Record set:
*** Block opens ***
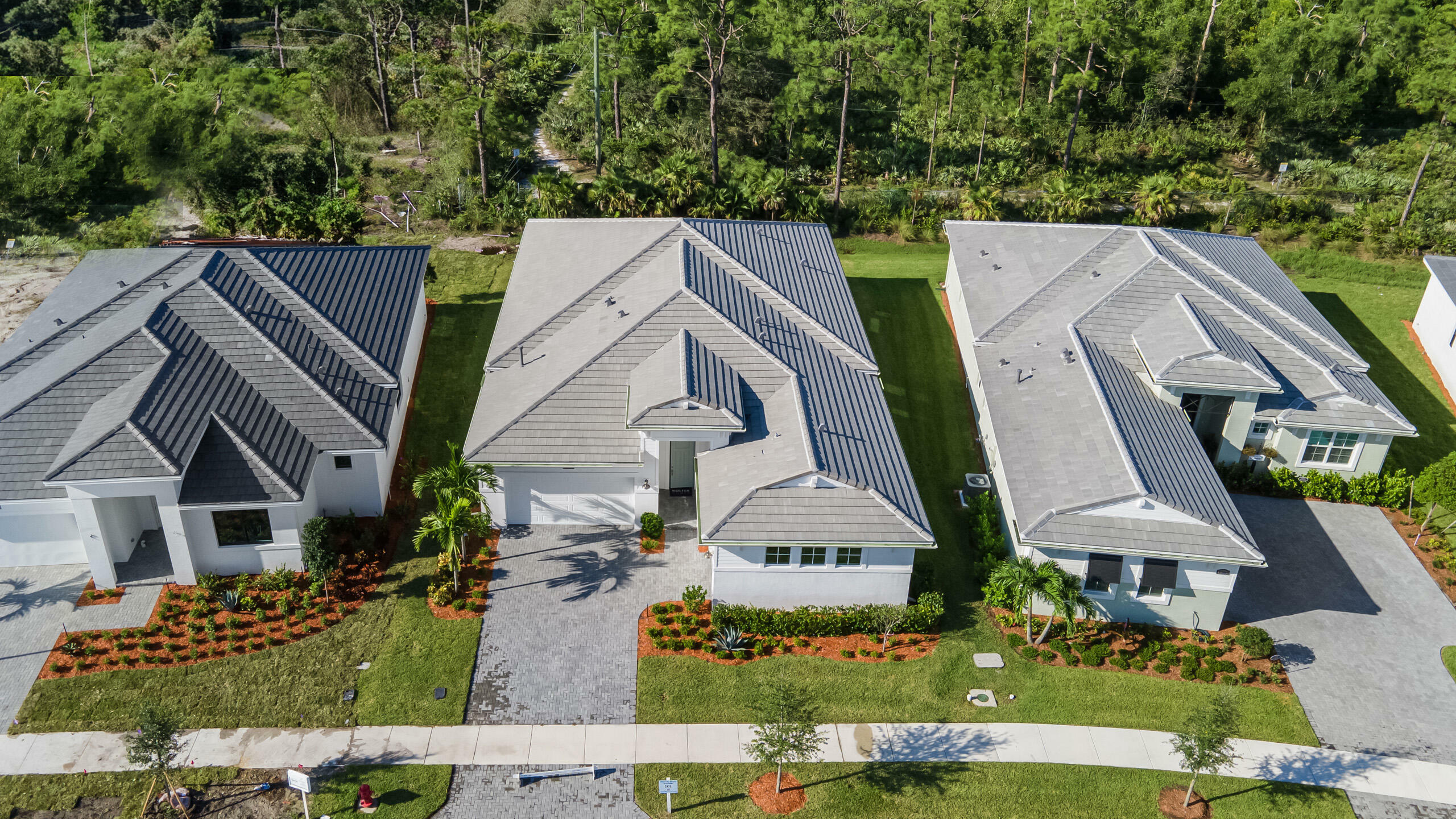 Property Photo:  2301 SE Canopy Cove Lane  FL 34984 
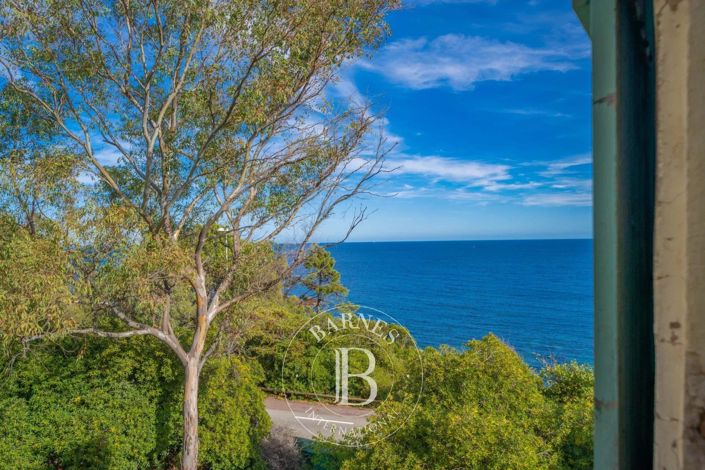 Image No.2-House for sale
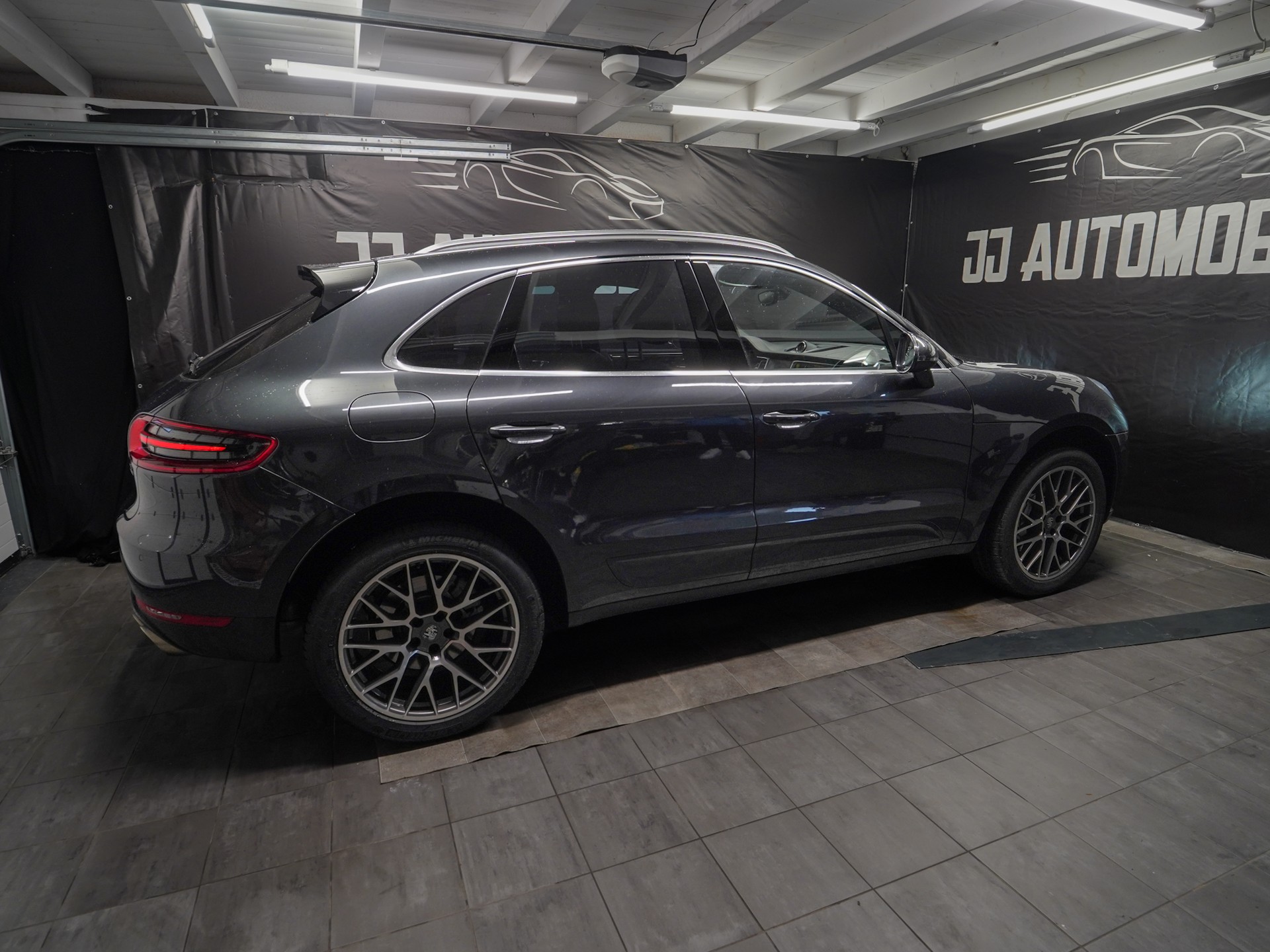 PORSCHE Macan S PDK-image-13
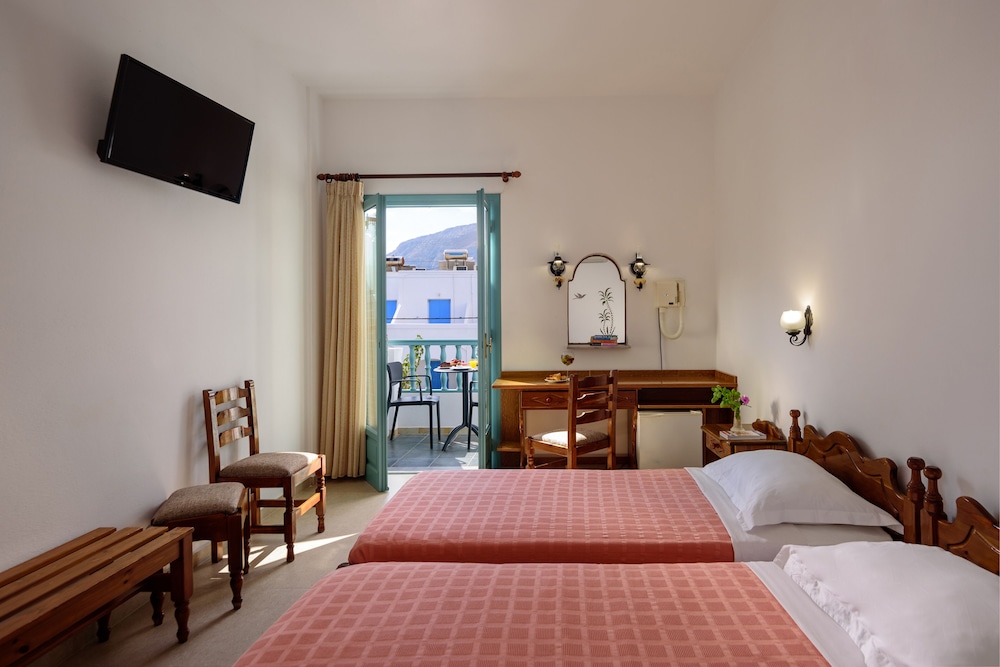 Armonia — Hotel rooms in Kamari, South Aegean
*** Block closes ***
*** Block opens ***
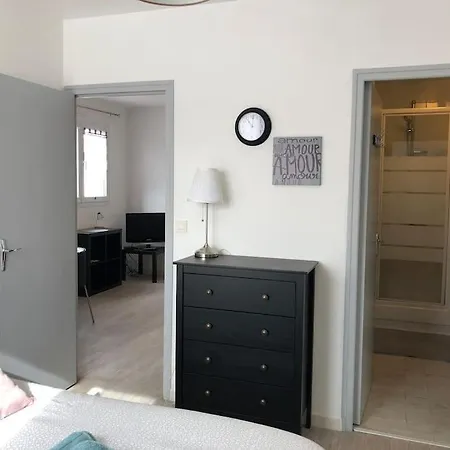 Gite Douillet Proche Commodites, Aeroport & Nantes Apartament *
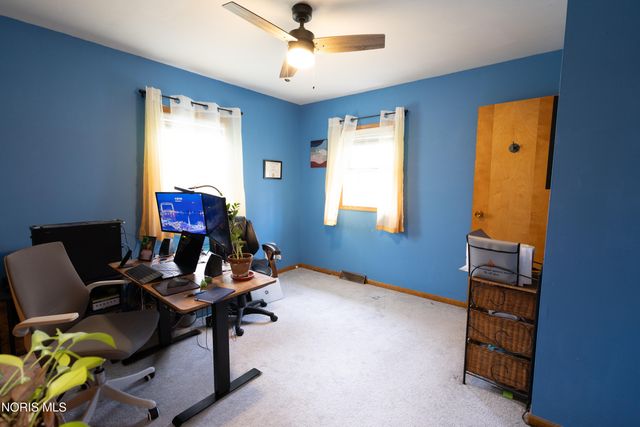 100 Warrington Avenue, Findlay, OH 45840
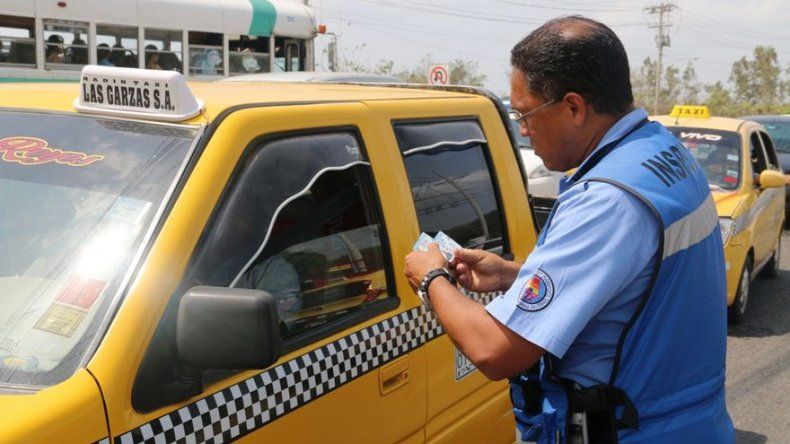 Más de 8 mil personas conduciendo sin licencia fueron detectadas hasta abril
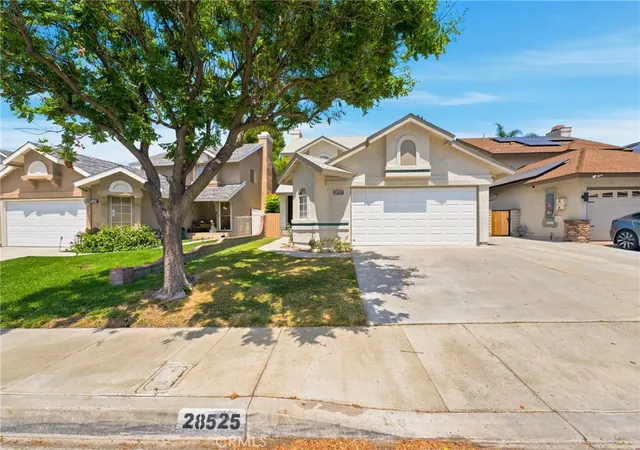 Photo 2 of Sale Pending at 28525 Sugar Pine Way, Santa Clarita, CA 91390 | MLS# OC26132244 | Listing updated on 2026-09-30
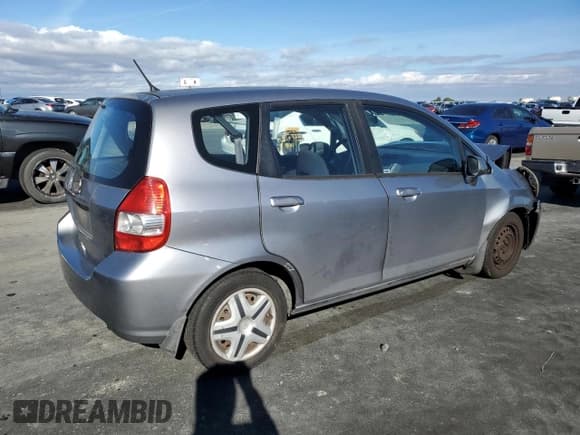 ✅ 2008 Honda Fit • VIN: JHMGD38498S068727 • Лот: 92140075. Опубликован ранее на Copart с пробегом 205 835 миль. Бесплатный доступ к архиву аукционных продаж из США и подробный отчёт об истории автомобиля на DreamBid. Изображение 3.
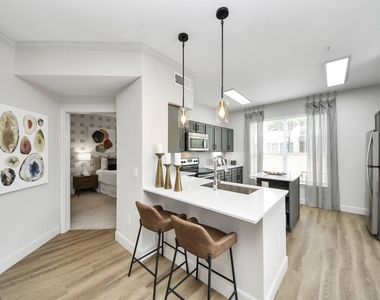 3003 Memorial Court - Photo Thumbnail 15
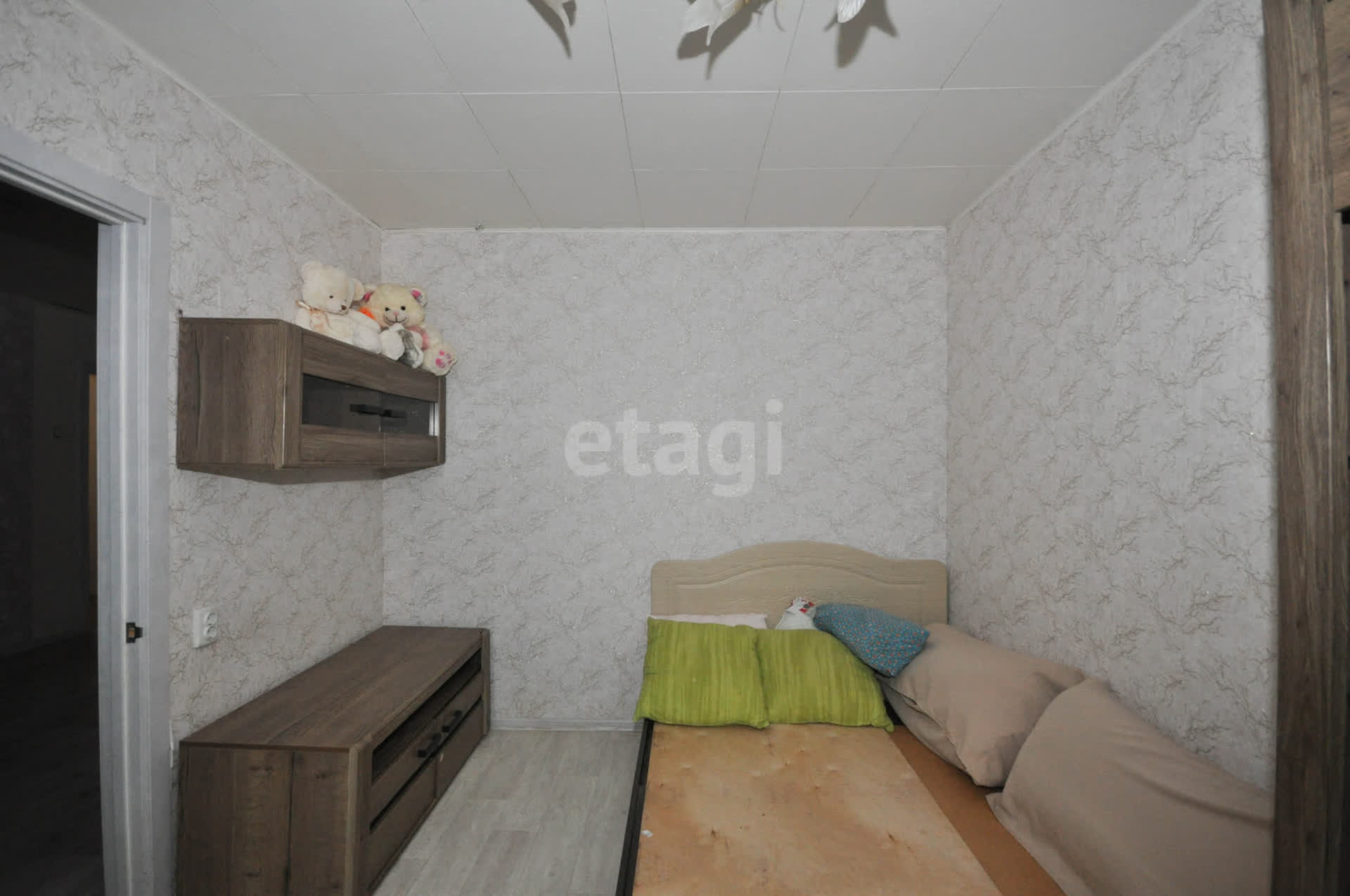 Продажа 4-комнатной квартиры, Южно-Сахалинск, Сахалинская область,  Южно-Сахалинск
*** Block closes ***
*** Block opens ***
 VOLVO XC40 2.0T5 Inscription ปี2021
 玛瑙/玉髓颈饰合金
*** Block closes ***
Work request: In the records above, find the line with "2301 SE Canopy" and the line with "Armonia — Hotel", then restate word for word only those two lines and all lines between, omitting pictures.

Reply to the task:
 Property Photo:  2301 SE Canopy Cove Lane  FL 34984 
 Image No.2-House for sale
 PORSCHE Macan S PDK-image-13
 Armonia — Hotel rooms in Kamari, South Aegean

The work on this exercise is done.